UBB.Dev

[7.5.8] Better URL Sanitization for SEO

Posted By: isaac

[7.5.8] Better URL Sanitization for SEO - 03/18/2014 9:20 AM

Requirements:
1. Valid UBB.Threads 7.5.8 install and license.
2. The PATH_INFO environmental variable must be available for this feature to function properly.

About:
This mod converts UBBT's Spider-Friendly URL string to lower-case and strips it of HTML tags. It then uses php's regular expression "replace" to replace everything not a letter or a number with dashes (it also replaces spaces). Next, it replaces all double-dashes with a single dash (if the topic title string had "nom – nom nom" that previously would be four dashes – now it's just two) and then finally, it trims any extra dashes from the beginning and end of the string.

Example 1 -
BEFORE:
ubbthreads.php/topics/45/I_Like...._TURTLES!!!!.html
AFTER:
ubbthreads.php/topics/45/i-like-turtles.html

Example 2 -
BEFORE:
ubbthreads.php/topics/44/LoL,_?,_<,_>,_",_&,_,,_+,_|,_!,__,_#,_\,_^,_{,_},_=,_:,.html
AFTER:
ubbthreads.php/topics/44/lol.html

Warning:
If your forum's language uses any non UTF-8 characters, such as the Swedish å, ä and ö, they will be stripped. See Example 2 above.

Notes:
Using dashes/hyphens (-) rather than underscores (_) for spider-friendly URLs is the recommended format to follow and is this current standard rather than use the older style of underscores-for-spaces, which UBB.Threads uses. Some further reading on the use of hyphens (-) vs underscores (_):
http://www.ecreativeim.com/blog/2011/03/seo-basics-hyphen-or-underscore-for-seo-urls/

Quote
The short answer is that you should use a hyphen for your SEO URLs. Google treats a hyphen as a word separator, but does not treat an underscore that way. Google treats and underscore as a word joiner — so red_sneakers is the same as redsneakers to Google. This has been confirmed directly by Google themselves, including the fact that using dashes over underscores will have a (minor) ranking benefit.

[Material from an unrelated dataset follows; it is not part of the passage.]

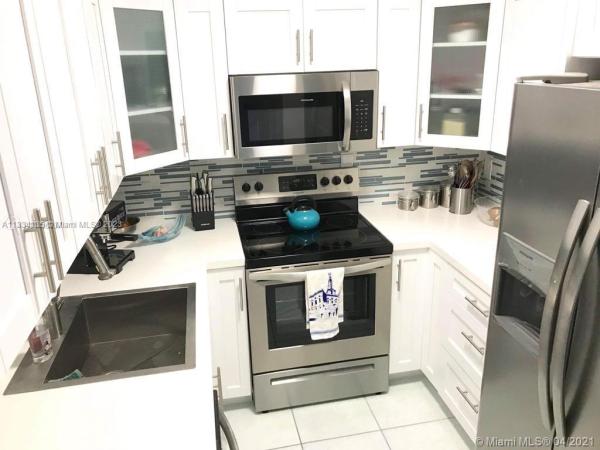 Delvista Tower 1, 20225 NE 34 Ct #212, Aventura, Florida 33180, image 1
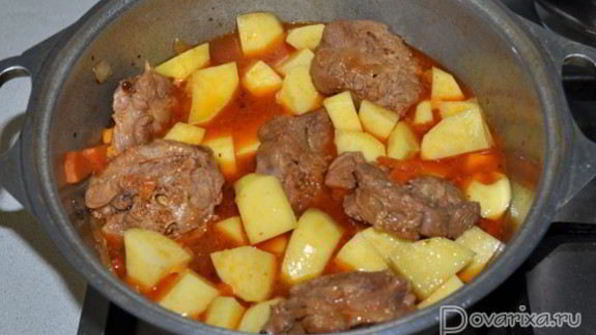 жаркое из телячьих хвостов с картофелем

Again, SEO URLs should use hyphens to separate words. Do not use underscores, do not try to use spaces, and do not smash all the words together intoonebigword. As of 2012, dashes are still the best way to optimize your SEO URLs.


A video answering the hyphen vs underscore SEO URL question by Matt Cutts.
Matthew "Matt" Cutts leads the Webspam team at Google, and works with the search quality team on search engine optimization issues
YouTube Video: https://www.youtube.com/watch?v=AQcSFsQyct8


How-To:
Confirm that Spider-friendly URLs are turned on:
Control Panel > Primary Settings > Advanced Options > Enable Spider-friendly URLs TICK-BOX
Optional: Tick also the "Enable HTML Extension" box.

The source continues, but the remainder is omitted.